On the other hand, doing your homework on how a mortgage works and trying to understand the variety of options available to you is a whole different challenge. Fixed rate vs. variable rate, open mortgage vs. closed mortgage, amortization period… it can all feel a little overwhelming at times – especially as a first-time homebuyer.
As it is with any big decision, it's important to do your research in order to make an informed decision. This article is going to explore open vs. closed mortgages. What are open and closed mortgages? What is the difference? What are the pros and cons of each? How do you decide which mortgage is best for you?
Let's explore these questions and lower the confusion around these two types of mortgages.
Open mortgages are set up in a way where you can make additional payments to your mortgage at any point during the mortgage term without being penalized. This can be a huge advantage if you are suddenly in a position to pay down your mortgage quicker than what you amortized your mortgage for.
Suppose you land a big promotion in your job and end up making an extra $20,000 per year. With an open mortgage, you can apply this extra $20,000 per year to your mortgage and no penalties will be incurred. This extra payment also goes straight toward the principal amount owing.
A different scenario might be a little less celebratory. Perhaps you find yourself suddenly receiving an inheritance as a result of a loss in your family. Despite this loss, you now have extra cash in hand and this can be used to pay down your mortgage. The entire extra payment can be directed at the principal amount owning and again, no penalties will be incurred because your mortgage is open.
With these advantages, open mortgages also come at a cost. Interest rates on open mortgages are typically 1-2% higher than closed mortgages. This can obviously be worthwhile if you are confident you will be able to make those extra payments, but you can also end up paying a lot more interest than you would in a closed mortgage if you can't make those extra payments.
Simply put, closed mortgages are the opposite of open mortgages. Closed mortgages tighten up the restrictions when it comes to paying off your mortgage by means of making large lump sum payments.
To be fair, closed mortgages do allow for some accelerated amortization, but only up to a certain percentage of the borrowed amount. If you go beyond this limit, you are penalized and you end up working against your own efforts to accelerate paying off your mortgage.
The idea in mind with a closed mortgage is to maintain a stable, fixed rate that is manageable for the borrower. This is an advantage if you are on a tight budget and if you don't anticipate any excessive cash coming your way. The other benefit is a lower interest rate which helps with keeping those payments affordable.

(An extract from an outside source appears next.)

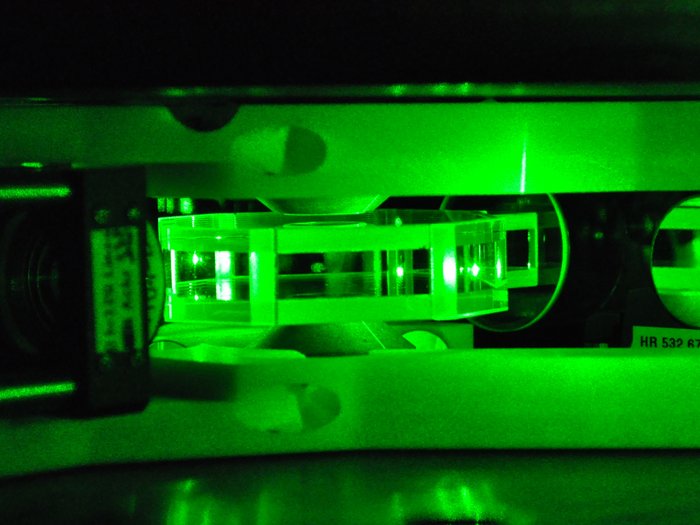 Eine flache, kantige Glaszelle mit gefangenen Atomen, hell erleuchtet von grünem Laserlicht.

Choosing Between Open and Closed Mortgages
For most people, it's safe to say that closed mortgages are a better option, especially if you are early in your home ownership career. When you are younger, it's less likely that a large amount of extra money will come your way. You will hopefully be in a secure job if you're signing mortgage documents, but it might take a few years before you land that big promotion with impressive salary benefits.
The lower interest rates that come with closed mortgages are notable. A 1-2% difference in interest rate might not sound like a lot, but depending on the amount you are borrowing and the length of your term, this can amount to thousands of dollars in interest savings.

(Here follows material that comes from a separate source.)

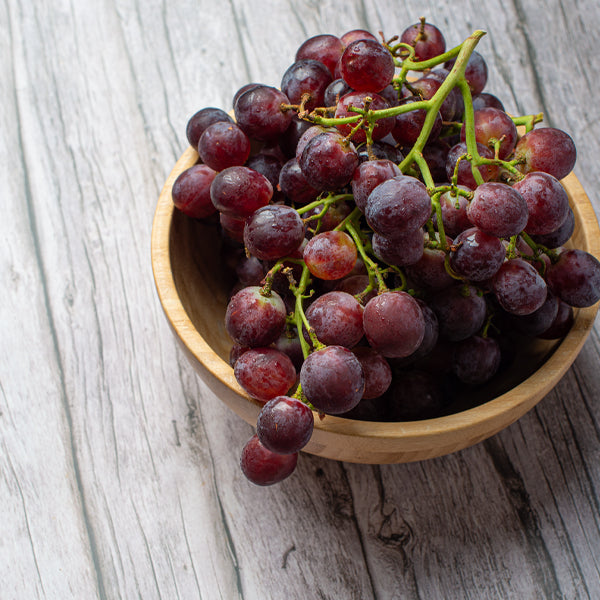 Red seedless grapes from Sharbatly in a 1.5 kg pack, fresh and plump fruit with vibrant color and smooth skin.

Despite the title, closed mortgages do still allow for some flexibility when it comes to making extra payments. In the event that you do land that promotion at work or if you sell off some other assets that you don't need anymore, there's likely room for additional payments to be made without incurring a huge penalty.
That said, perhaps you are considering a big move across the country in the near future. Or perhaps you are in the stage of life where you might see some inheritance money come your way. These can be reasons to consider an open mortgage where you won't be penalized for making large lump sum payments or paying off your mortgage altogether.

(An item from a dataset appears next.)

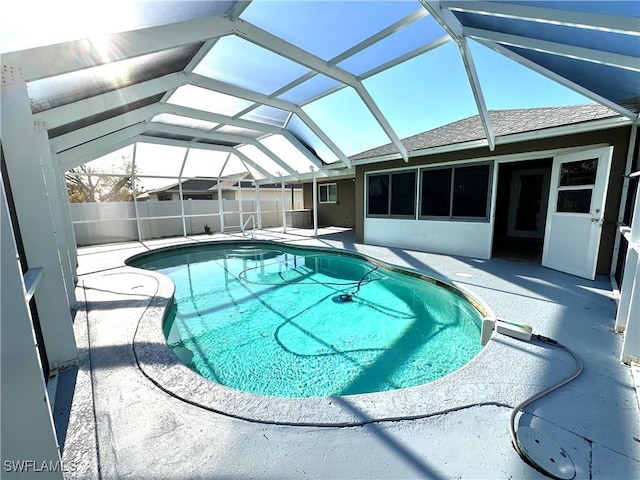 view of pool with a fenced in pool, a patio area, glass enclosure, and fence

Which One Is Best For You?
Decisions like these aren't always easy, but the important thing is to do your homework. Crunch the numbers and assess where you are at. Pay attention to the season of life you are in and try to anticipate any foreseeable financial changes you might encounter.
The banks or your mortgage broker can guide you through the best choice.
In the end, stay relaxed and enjoy the process. Determine a path that works for you and one that allows you to sleep at night. And then enjoy this place you get to call home!